It needs to be implemented with variable-length lists instead of fixed-length tuples, in order to satisfy the type system.



For me what's striking about Erlang syntax is the meaning of the semi-colon and the period, as function clause separator. Most of the rest is just vanilla FP lang syntax.


To be fair that's just vanilla English orthography.


Yup, and still people get confused at Erlang's use of semi-colons and periods.

Do you think it is because other programming languages don't uses the semi-colon that way? Or that periods are usually used to access class members, but not to finish function declarations?


I think it's because most people have no idea how to use semicolons in natural languages too.


I think this is true. Anecdotally, I've looked up the usage of semicolons a few times now, and I think I know how to use them, but every time I'm about to I just rephrase what I'm saying so I don't have to. They are used so rarely in English it's hard to feel confident through exposure.

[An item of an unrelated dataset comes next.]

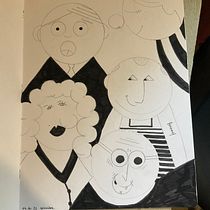 Mon projet du cours : Dessin pour débutants niveau -1. Pencil Drawing, Drawing, Creating with Kids, and Sketchbook project by cyriem - 10.18.2022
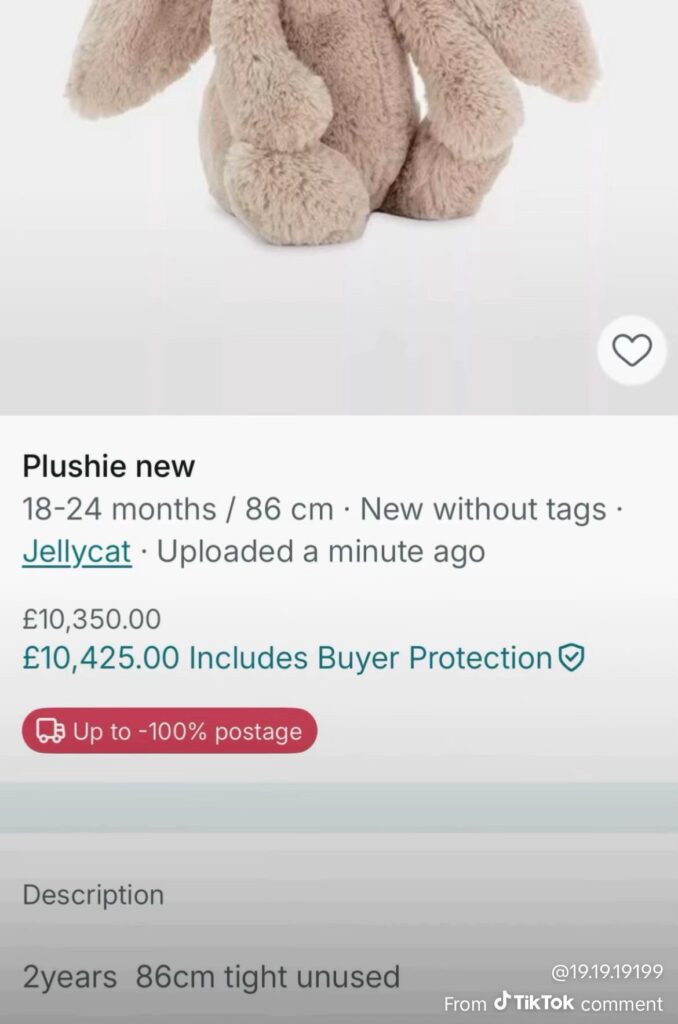 Vinted: Isterie în online din cauza anunțurilor bizare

I use semicolons all the time; they are easy and useful.

The two clauses separated by a semicolon are sentences; thus the semicolon is logically and grammatically equivalent to a full stop. (As long as you normalise the capitalisation). The difference is in nuance, flow, and other soft things.

So when do you use a semicolon instead of a full stop? Whenever you want to!

The really difficult punctuation mark in English is the full colon.


Sure, which is what the rules always say, and is fairly straightforward. The hard part is actually using it because it usually looks so out of place to me. It's a chicken and egg problem, where semicolons are hard to comfortably use because they are so rare they look out of place when I try, and I assume part of the reason for their rarity is other people feel the same way.


What's a full colon? Hard/NSFW to google for that...


Just a plain colon, as an emphatic distinction from a semicolon.


I feel like the semicolon-period thing of Erlang is only really frustrating for the first day you're using it. After that, I actually found it to be a fairly natural syntax, and had little trouble switching between it and JS.


Erlang's usage of commas, semi-colons and periods is based on Prolog's use of these punctuation-marks. (Erlang was developed in Prolog and retains many similarities to it).


Just a small nitpick: your code is not recursive, you are missing 'f' on the right hand side.


Neither is Knuth's definition; it's just mapping an input to an output.